The significance of information technology (IT) on the banking industry has been profound and transformative. IT has revolutionized the way banks operate, deliver services, interact with customers, manage data, and ensure security. Here are some key points highlighting the impact of information technology  on the banking sector:

  1. Automation and Efficiency: Information technology has enabled automation of various banking processes, reducing the need for manual intervention and paperwork. This has led to increased efficiency, faster transaction processing, and minimized errors.
  2. Online Banking and Mobile Apps: IT has given rise to online banking platforms and mobile applications, allowing customers to perform a wide range of banking activities from the comfort of their homes or on the go. This convenience has transformed customer expectations and engagement.
  3. ATMs and Self-Service Kiosks: Automated Teller Machines (ATMs) and self-service kiosks are examples of information technology -driven solutions that allow customers to perform basic transactions such as cash withdrawals, deposits, and fund transfers outside of traditional banking hours.
  4. Electronic Funds Transfer: IT has enabled electronic funds transfer systems, such as Real-time Gross Settlement (RTGS) and Automated Clearing House (ACH), which facilitate swift and secure transfer of funds between banks and accounts.
  5. Data Management and Analytics: Banks deal with enormous volumes of data. IT has enabled sophisticated data management and analytics tools, helping banks derive insights from customer behavior, transaction patterns, and market trends. This information aids in making informed business decisions and offering personalized services.
  6. Risk Management and Fraud Prevention: Advanced information technology  systems have bolstered risk management processes in banks. AI algorithms and machine learning models analyze transactions in real-time to detect and prevent fraudulent activities, enhancing security for both customers and the bank itself.
  7. Customer Experience: IT has transformed customer experiences in banking. Personalized services, chatbots for quick query resolution, and 24/7 customer support contribute to a more satisfying customer journey.
  8. Digital Payments and Wallets: The rise of digital payment systems, including mobile wallets and contactless payment methods, has been facilitated by information technology.
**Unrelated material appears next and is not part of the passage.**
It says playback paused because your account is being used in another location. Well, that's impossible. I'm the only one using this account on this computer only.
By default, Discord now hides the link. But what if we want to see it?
These systems have reduced the dependence on physical currency and cards.
  9. Core Banking Systems: IT plays a crucial role in maintaining core banking systems, which manage transactions, accounts, loans, and other essential banking functions. These systems are the backbone of banking operations.
  10. Regulatory Compliance: IT systems aid banks in adhering to regulatory compliance standards by ensuring accurate reporting, monitoring, and recording of financial transactions.
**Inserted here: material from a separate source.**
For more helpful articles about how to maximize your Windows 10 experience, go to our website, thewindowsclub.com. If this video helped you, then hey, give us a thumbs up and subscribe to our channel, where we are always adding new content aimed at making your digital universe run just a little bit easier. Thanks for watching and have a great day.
  11. Remote Services: IT has enabled remote account opening, loan applications, and document submissions. This is particularly important during times of crisis or when physical access to branches is limited.
  12. Global Connectivity: IT has facilitated international banking operations, enabling seamless cross-border transactions and currency exchange.

In summary, information technology has transformed the banking industry by increasing efficiency, enhancing customer experiences, improving security, enabling innovative services, and streamlining operations. The integration of information technology  has become essential for banks to stay competitive in a rapidly evolving financial landscape.